Netty 4: high and low write watermarks

DmitryKanunnikoff picture DmitryKanunnikoff · Aug 13, 2014 · Viewed 7.9k times · Source

I am working with Netty 4. I see folowing options of Netty server: WRITE_BUFFER_HIGH_WATER_MARK and WRITE_BUFFER_LOW_WATER_MARK.

The official page Related articles has link to Netty best practices (slides w/ video) by Norman Maurer. One of slides looks like this:

ServerBootstrap bootstrap = new ServerBootstrap();
bootstrap.childOption(ChannelOption.WRITE_BUFFER_HIGH_WATER_MARK, 32 * 1024);
bootstrap.childOption(ChannelOption.WRITE_BUFFER_LOW_WATER_MARK, 8 * 1024);   

and has this preface:

Set sane WRITE_BUFFER_HIGH_WATER_MARK and WRITE_BUFFER_LOW_WATER_MARK

But what is it WRITE_BUFFER_HIGH_WATER_MARK and WRITE_BUFFER_LOW_WATER_MARK? And how to set them to be sane?

I did not find any clear information. Thanks for your help.

Answer

Michael Zhavzharov picture Michael Zhavzharov · Aug 13, 2014

Some information about watermarks from this article:

For instance, imagine you have a queue of tasks on server side that is filled by clients and processed by backend. In case clients send tasks too quick the length of the queue grows. One needs to introduce so named high watermark and low watermark. If queue length is greater than high watermark stop reading from sockets and queue length will decrease. When queue length becomes less than low watermark start reading tasks from sockets again.

Note, to make it possible for clients to adapt to speed you process tasks (actually to adapt window size) one shouldn't make a big gap between high and low watermarks. From the other side small gap means you'll be too often add/remove sockets from the event loop.

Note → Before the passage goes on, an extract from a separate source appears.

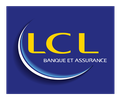 Blue logo with yellow "LCL" text and white "BANQUE ET ASSURANCE" underneath; features a white and blue curved design on the left.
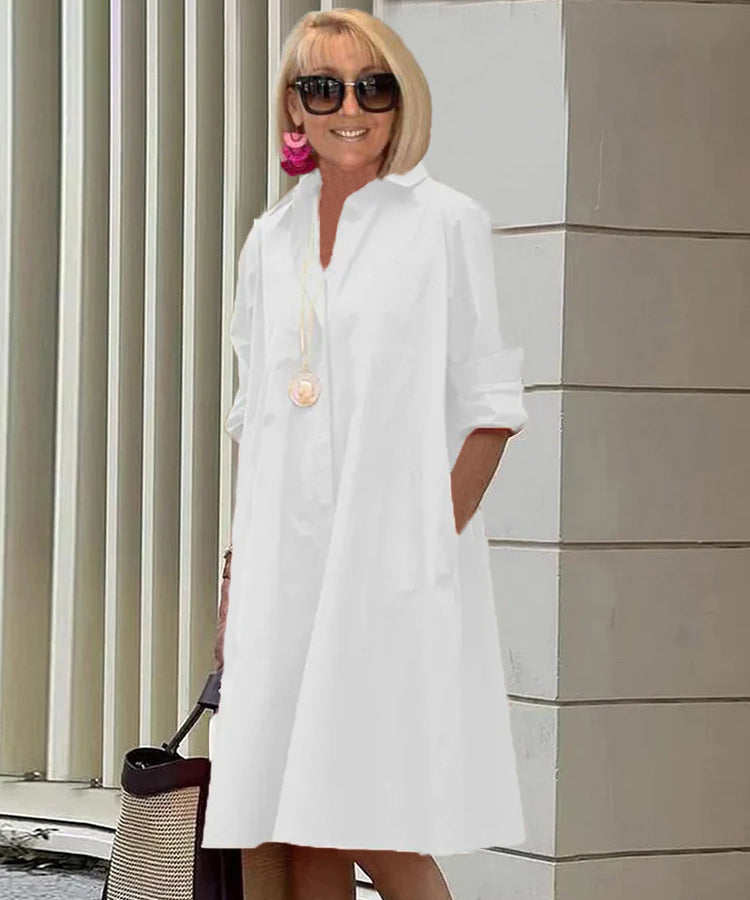 Long Sleeve Pocket Mid-Length Dress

For Netty it seems to be true, because this JavaDoc for ChannelConfig says:

If the number of bytes queued in the write buffer exceeds writeBufferHighWaterMark value, Channel.isWritable() will start to return false.

And for low watermark:

Once the number of bytes queued in the write buffer exceeded the high water mark and then dropped down below this value, Channel.isWritable() will return true again.

About sanity, I think, it is relative question, that depends on information that you are sending through the channel and how often. There is no strict rules for what values you must define for that variables. So, I think, you must found your own values in practice. Slides show you one of the examples for that.